The incoherence of MPs' migration mentality

  • 11 October 2018

 

How is Australia to handle an otherwise ageing (historically white) population in a highly mobile world? The answer seems locked as ever onto modes of control, but also lately welded onto a transactional mentality that is incoherent.

New South Wales premier Gladys Berejiklian called this week for halving the state's migrant intake. Federal minister for cities Alan Tudge proposed a mandatory five-year regional settlement scheme for migrants.

Both have left policy observers scratching their heads. The highest proportion of net overseas migration is in the higher education sector, according to Guardian analysis. Setting aside serious questions around a model that relies on fee-paying students, Australian universities in major capital cities are being propped up by international students.

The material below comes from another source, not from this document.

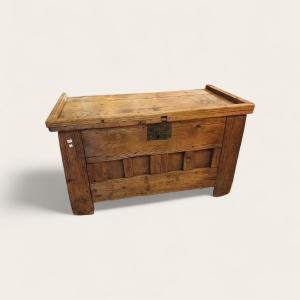 Coffre de mariage  à barreau Briançonnais ( Queyras ) . Hautes Alpes  pin cembro .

The cash injection to universities — at $6.2 billion nationally — is significant, but not limited to this area. Students are renting, buying, and paying for services. Education as an export earns more than tourism, running third behind iron ore and coal.

So here we have a situation where governments have slashed higher education funding, prompting university reliance on foreign students for revenue, which drives (and has coincided with) a competitive international market for Australian degrees, leading to resident population growth that is inextricable from an economic bump — and the premier wants to halve migration levels.

I'd rather not mention that the bulk of international students come from Asia, particularly China and India, but there it is. Is it worth asking if the problem would have been better framed around infrastructure spending rather than population growth, if most migrants come from Ireland or (white) America? Maybe.

In election season, it is not unusual to see a spike in concern about matters like roads, public transport and housing supply. These are governance issues worth attention. But they have also become a proxy language for population control based on other motives.

 

"This is how perversely we think about people who arrive here: we say they have created problems for which they are the solution."

 

Drastically limiting migrant intake starts sounding less racist and more sensible if you talk about traffic and rent, suggesting that there are just too many people out there. These pressures are of course real. However, without accounting for the positive GDP impacts of immigrants — particularly skilled workers who contribute more to fiscal revenue than they draw on public services — as well as inadequate, overdue infrastructure spending, the opportunity for blame is also real.